Rede Temática como qualificadora da interlocução entre ISP e setor público  

As Redes Temáticas (RT) do GIFE são criadas com o objetivo de gerar interesse e fomentar a discussão em torno de uma temática específica e, a partir disso, criar um espaço de discussão recorrente sobre o assunto. 

A nova RT de Gestão e Políticas Públicas tem como objetivo reunir institutos e fundações que praticam e valorizam o trabalho e discussão dos temas relacionados à cooperação com o setor público. Futuros encontros e debates serão realizados no âmbito de dois eixos referentes ao engajamento do investimento social privado na gestão e políticas públicas: 1. Promoção dos temas da agenda pública relacionados à gestão pública e assuntos correlatos e subsequentes e 2. Práticas e arranjos de cooperação institucionais com o setor público. 

Como é de costume das redes temáticas, foram eleitos os coordenadores da rede.

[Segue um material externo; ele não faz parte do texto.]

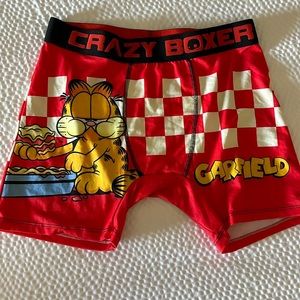 Garfield Nickelodeon Crazy Boxer Briefs Lasagna Cartoon Mens Size Large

Neste caso, Glaucia Macedo, do Instituto Humanize e Rafael Gioielli, do Instituto Votorantim, além de membros do Instituto Arapyaú, Fundação Lemann e Fundação Vale. 

Rafael e Glaucia concordam que a RT não é uma iniciativa criada especificamente para conscientizar os 20% dos respondentes do Censo que afirmam não investir em estratégias de interlocução com o setor público, mas sim qualificar a prática de quem já o faz.

“A RT pode até ajudar nisso, mas mais do que converter esses 20%, o nosso objetivo é que esses 80% tenham a melhor conduta possível na relação com a gestão pública, trazendo mais retorno para a sociedade com essa integração”, afirma Rafael. 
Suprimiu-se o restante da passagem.